1. **LoRA Change Detection** (lines 104-111): Deep comparison detects when LoRA stack changes
2. **Cache Reset** (lines 129-132): When `loras_changed == True`, both `_cache_context` and `_prev_timestep` are reset to `None`
3. **Cache Recreation** (lines 215-222): The existing cache logic detects `_prev_timestep is None` and creates a new cache context with the new LoRA composition
4. **Model Execution** (lines 224-225): Model executes with the new LoRA state and fresh cache

**Technical Specification**

- **Cache Context**: `nunchaku.caching.fbcache.CacheContext` - Stores intermediate computation results
- **Timestep Tracking**: `self._prev_timestep` - Records previous timestep for cache invalidation
- **Cache Invalidation Condition**: `cache_invalid = self._prev_timestep is None or self._prev_timestep < timestep_float + 1e-5`
- **Execution Timing**: Cache reset occurs before LoRA composition (before `compose_loras_v2()` at line 169)

**Why This Matters**

Nunchaku's cache mechanism stores intermediate layer computation results that are LoRA-dependent.

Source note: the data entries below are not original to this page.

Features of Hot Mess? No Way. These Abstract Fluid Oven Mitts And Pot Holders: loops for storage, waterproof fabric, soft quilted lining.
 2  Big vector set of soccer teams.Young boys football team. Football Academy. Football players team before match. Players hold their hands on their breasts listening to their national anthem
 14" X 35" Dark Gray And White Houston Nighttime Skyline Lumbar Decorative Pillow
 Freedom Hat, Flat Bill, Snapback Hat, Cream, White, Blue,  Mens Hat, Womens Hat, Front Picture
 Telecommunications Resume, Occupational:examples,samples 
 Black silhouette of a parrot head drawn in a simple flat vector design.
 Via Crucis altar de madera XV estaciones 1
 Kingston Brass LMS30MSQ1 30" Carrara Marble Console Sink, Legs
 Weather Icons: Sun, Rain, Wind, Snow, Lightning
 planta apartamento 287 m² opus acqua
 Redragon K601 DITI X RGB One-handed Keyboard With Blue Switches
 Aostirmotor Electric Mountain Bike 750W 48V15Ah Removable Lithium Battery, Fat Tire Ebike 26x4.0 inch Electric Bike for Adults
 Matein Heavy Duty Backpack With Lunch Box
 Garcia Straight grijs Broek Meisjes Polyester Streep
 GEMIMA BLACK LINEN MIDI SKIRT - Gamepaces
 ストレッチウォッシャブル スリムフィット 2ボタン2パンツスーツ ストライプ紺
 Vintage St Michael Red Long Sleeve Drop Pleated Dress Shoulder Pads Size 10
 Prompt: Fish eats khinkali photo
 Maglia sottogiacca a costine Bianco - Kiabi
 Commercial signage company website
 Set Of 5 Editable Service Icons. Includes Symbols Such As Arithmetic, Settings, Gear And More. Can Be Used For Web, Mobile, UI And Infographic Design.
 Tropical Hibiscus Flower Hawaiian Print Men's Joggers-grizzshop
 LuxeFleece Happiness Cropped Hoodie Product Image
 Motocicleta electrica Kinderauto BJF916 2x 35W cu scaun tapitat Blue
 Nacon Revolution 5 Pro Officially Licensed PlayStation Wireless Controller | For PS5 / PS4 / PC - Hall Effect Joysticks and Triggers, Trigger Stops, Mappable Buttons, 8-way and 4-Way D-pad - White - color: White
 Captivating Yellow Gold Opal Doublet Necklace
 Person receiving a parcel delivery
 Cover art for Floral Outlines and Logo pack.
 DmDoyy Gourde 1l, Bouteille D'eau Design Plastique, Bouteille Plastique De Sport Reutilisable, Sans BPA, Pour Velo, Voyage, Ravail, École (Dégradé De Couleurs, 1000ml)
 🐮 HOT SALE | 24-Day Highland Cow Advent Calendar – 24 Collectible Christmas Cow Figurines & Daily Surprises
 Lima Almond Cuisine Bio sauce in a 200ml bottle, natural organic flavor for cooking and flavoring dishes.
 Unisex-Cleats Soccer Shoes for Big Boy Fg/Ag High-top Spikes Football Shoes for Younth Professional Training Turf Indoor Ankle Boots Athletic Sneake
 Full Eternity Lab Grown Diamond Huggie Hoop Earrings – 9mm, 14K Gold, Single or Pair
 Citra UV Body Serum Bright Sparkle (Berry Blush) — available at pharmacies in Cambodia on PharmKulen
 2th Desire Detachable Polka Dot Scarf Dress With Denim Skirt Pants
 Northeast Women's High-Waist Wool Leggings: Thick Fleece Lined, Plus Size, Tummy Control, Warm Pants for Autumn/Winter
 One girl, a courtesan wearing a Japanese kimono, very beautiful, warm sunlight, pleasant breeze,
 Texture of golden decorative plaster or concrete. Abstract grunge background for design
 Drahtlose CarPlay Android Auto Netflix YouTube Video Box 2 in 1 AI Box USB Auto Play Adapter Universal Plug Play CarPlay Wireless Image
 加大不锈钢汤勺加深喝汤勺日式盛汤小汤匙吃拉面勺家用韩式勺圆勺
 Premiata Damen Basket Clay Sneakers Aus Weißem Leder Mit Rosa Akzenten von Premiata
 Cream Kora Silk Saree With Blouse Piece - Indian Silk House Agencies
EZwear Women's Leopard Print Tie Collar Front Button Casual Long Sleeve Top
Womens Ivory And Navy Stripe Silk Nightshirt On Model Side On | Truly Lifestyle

When LoRAs change, the cache must be invalidated to ensure correct results. The fix ensures:

- **Correct LoRA Application**: Each stage uses the correct LoRA set
- **Workflow Consistency**: Re-running workflows produces consistent results
- **No Side Effects**: Cache reset only occurs when LoRAs change, maintaining performance

**Impact**

- **Before Fix**: Cache from previous LoRA composition could be reused, causing incorrect results
- **After Fix**: Cache is properly reset on LoRA change, ensuring correct results in multi-stage workflows
- **Performance**: No impact on normal inference; cache reset only occurs when LoRAs change

**Related Issue**: [Issue #14](https://github.com/ussoewwin/ComfyUI-QwenImageLoraLoader/issues/14)

---

v1.60 — MAJOR UPDATE: Simplified Installation (No Integration Required!)

Summary

As of v1.60, ComfyUI-QwenImageLoraLoader is now a fully independent custom node that requires no integration with ComfyUI-nunchaku's `__init__.py`.

✅ **Removed ComfyUI-nunchaku integration requirement** — No manual modification of `__init__.py` needed
✅ **Simplified installation** — Just `git clone` and restart ComfyUI
✅ **No batch scripts** — All installation/uninstallation batch files deleted
✅ **Automatic node registration** — ComfyUI's built-in mechanism handles everything
✅ **Backward compatible** — All existing LoRA files and workflows continue to work

What Changed

Before v1.60:
1. Clone repository
2. Choose installation script (global or portable Python)
3. Run batch file (modifies ComfyUI-nunchaku/__init__.py)
4. Restart ComfyUI

After v1.60:
1. Clone repository
2. Restart ComfyUI
Done!

---

CHAPTER 1: Project Background and Initial Misunderstanding

1-1 Extraction from GavChap's Fork

ComfyUI-QwenImageLoraLoader was extracted from the "qwen-lora-suport-standalone" branch that GavChap created by forking ComfyUI-nunchaku. In GavChap's fork version, LoRA loader functionality for Qwen Image was added, which did not exist in the official ComfyUI-nunchaku. Subsequently, this QI-specific LoRA functionality was separated as an independent custom node and modified to be compatible with the official ComfyUI-nunchaku.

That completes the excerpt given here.